## Installing Library

In [None]:


!pip install pandas nltk textblob



In [3]:
from google.colab import drive
drive.mount('/content/drive')

Mounted at /content/drive


In [None]:
import pandas as pd
import numpy as np
from textblob import TextBlob
import os
import matplotlib.pyplot as plt
import nltk # Required for TextBlob dependencies

# --- 1. Configuration: Define File Paths ---

PROCESSED_STOCK_FILE = 'processed_stock_analysis.csv'
NEWS_FILE = 'raw_news_ratings.csv'
# ----------------------------------------------------------------

# --- 2. Load and Align Data ---
print("--- 1. Data Alignment and Preparation ---")

try:
    # Load Stock Data (Assuming Ticker and Date are in the index)
    df_stock = pd.read_csv(PROCESSED_STOCK_FILE, index_col=['Ticker', 'Date'], parse_dates=['Date'])
    df_stock = df_stock.reset_index() # Flatten for easier merging later

    # Load News Data
    df_news = pd.read_csv(NEWS_FILE)

except FileNotFoundError as e:
    raise RuntimeError(f"CRITICAL ERROR: File not found.
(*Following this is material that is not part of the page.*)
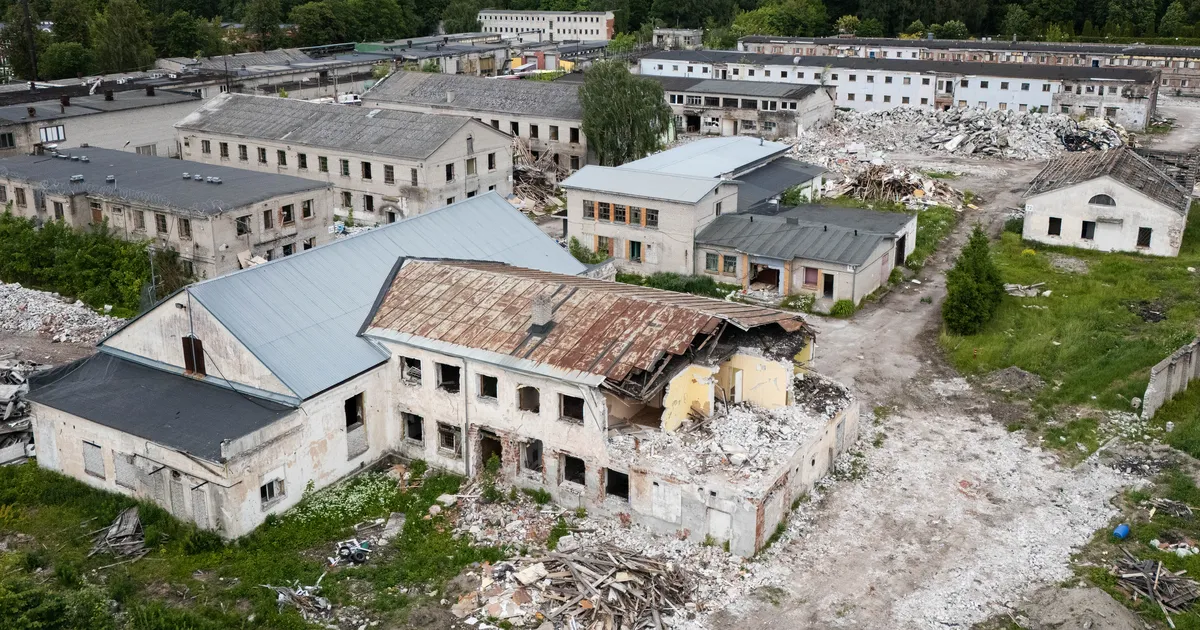 FOTOD ⟩ Endise Tallinna vangla territooriumil jätkuvad lammutustööd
Check path/name: {e}")

# Identify News Date Column
if 'Date' in df_news.columns:
    date_col = 'Date'
elif 'PublishDate' in df_news.columns:
    date_col = 'PublishDate'
else:
    raise ValueError("ERROR: News file must contain a 'Date' or 'PublishDate' column.")

# Normalize Dates
df_news[date_col] = pd.to_datetime(df_news[date_col]).dt.normalize()
df_news.rename(columns={date_col: 'Date'}, inplace=True)

print("Stock and News data loaded and dates normalized.")

# --- 3. Sentiment Analysis (TextBlob) ---
print("\n--- 2. Sentiment Analysis (TextBlob) ---")

# Identify News Headline Column
if 'Headline' not in df_news.columns:
    raise ValueError("ERROR: News file must contain a 'Headline' column for sentiment analysis.")

def get_sentiment_polarity(text):
    """Calculates sentiment polarity (score) using TextBlob (Polarity: -1 to +1)."""
    try:
        return TextBlob(str(text)).sentiment.polarity
    except:
        return 0.0

df_news['Sentiment_Score'] = df_news['Headline'].apply(get_sentiment_polarity)
print("Sentiment scores calculated for news headlines.")

# --- 4. Calculate Daily Stock Returns ---
print("\n--- 3. Calculate Daily Stock Returns ---")

def compute_daily_returns(group):
    """Computes the percentage change in daily closing prices."""
    group['Daily_Return'] = group['Close'].pct_change()
    return group

df_stock = df_stock.groupby('Ticker').apply(compute_daily_returns)
print("Daily returns calculated for all stocks.")

# --- 5. Correlation Analysis ---
print("\n--- 4. Correlation Analysis ---")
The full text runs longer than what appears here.